Your authentic self, surely, is unphotogenic at best, and at its worst a bird trapped in a kitchen, flailing awfully between murderous and needy. It is chaos, but a chaos in which you and only you know where everything is. Apart from the traumas, of course, which you filed haphazardly away in a hurry and which have the tendency to spill out at the strangest times, like when you sing Happy Birthday or hear the sound of scissors.

While the new you might start to learn such skills as “posture” and “small talk”, the old you can be found covered in a towel typing into the comment box from a foetal position. At parties you are the one standing alone in the frigid garden pretending to vape in order to avoid the worst question in the world: “So, what have you been up to?” Where would you even start? What have you been up to? You worked that poppy seed from your teeth. You mastered the fine art of drinking coffee through a KitKat finger. You amused yourself at the table with candle wax for almost a whole hour. These replies never seem acceptable in the wild, but at home, in the bath of your own soup, it’s blindingly clear that if people want better answers they’ll need to start asking better questions. We call this: liberation.

“Do one thing every day that scares you!” No, that sounds horrible, and the exact opposite of the life I aspire to, which involves – and this is top line stuff – remaining almost exclusively unterrified on a day to day basis. “Push your limits!” Limits exist for a reason, man. “Do the work!” Ever heard of labour shortages? “Step out of your comfort zone!” How about, instead of that, I crawl right back into it and make a nice cosy den there out of fleece and biscuits? How about I dig even deeper into that sweet old zone and build an entire city down there, with cinemas, and wall-to-wall carpet, and little bowls of chocolate buttons scattered around on welcoming surfaces? How would that be? Would all my pain be transformed into graceful and important works of art? Unlikely. Would I win a marathon or sail across the world on an eco dinghy made of milk bottles? Maybe not. Would I enjoy all nine seasons of The Office while gossiping on WhatsApp in my pyjamas? Perhaps! And who’s to say which is more rewarding?

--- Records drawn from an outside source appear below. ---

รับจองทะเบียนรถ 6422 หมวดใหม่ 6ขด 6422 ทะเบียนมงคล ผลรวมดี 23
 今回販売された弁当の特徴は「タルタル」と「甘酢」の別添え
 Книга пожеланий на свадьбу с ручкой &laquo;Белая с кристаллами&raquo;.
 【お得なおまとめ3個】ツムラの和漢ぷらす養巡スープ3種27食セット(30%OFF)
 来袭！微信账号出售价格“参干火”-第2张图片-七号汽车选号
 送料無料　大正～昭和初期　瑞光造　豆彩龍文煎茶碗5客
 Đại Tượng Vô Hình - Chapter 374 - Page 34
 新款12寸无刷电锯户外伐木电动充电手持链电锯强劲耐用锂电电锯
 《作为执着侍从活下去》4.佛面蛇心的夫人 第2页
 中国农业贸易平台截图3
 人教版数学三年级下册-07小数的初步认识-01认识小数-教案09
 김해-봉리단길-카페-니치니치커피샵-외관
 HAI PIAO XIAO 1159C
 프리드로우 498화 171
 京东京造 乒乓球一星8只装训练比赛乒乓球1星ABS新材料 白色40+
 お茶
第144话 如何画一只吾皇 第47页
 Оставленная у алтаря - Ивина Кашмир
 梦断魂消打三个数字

After many decades, when it becomes clear that every January demands a new you, eventually we must question how many we have in us. A baby girl is born with about 1m eggs, a baby boy born with about 300 bones – the numbers fall rapidly as time passes, and it’s the same with yous. At some point the effort of conceiving, producing and birthing yet another new you becomes treacherous. You run the risk of destroying the original you, now simply a host to all the prawnish enhanced versions emerging annually from its ruins with their abs and therapy words. Enough. Enough of all this – enough self-help (let’s help each other), enough self-improvement (find the joys hidden beneath the rocks in our existing if flawed little lives), enough struggling to be better when most of us are almost absolutely fine exactly as we are.

Would you care to join me in a nap? Or a gentle stroll through the arcade, or up the high street? Would you like to sit comfortably for a while here on the sofa and marvel at the telly, and the comfort of our slippers, and the way our bodies instinctively know when to breathe in and out, and the gentle setting of the sun through the curtains, and the fact that both of us have lived to see another January? New year, old me – and I promise, that’s absolutely fine.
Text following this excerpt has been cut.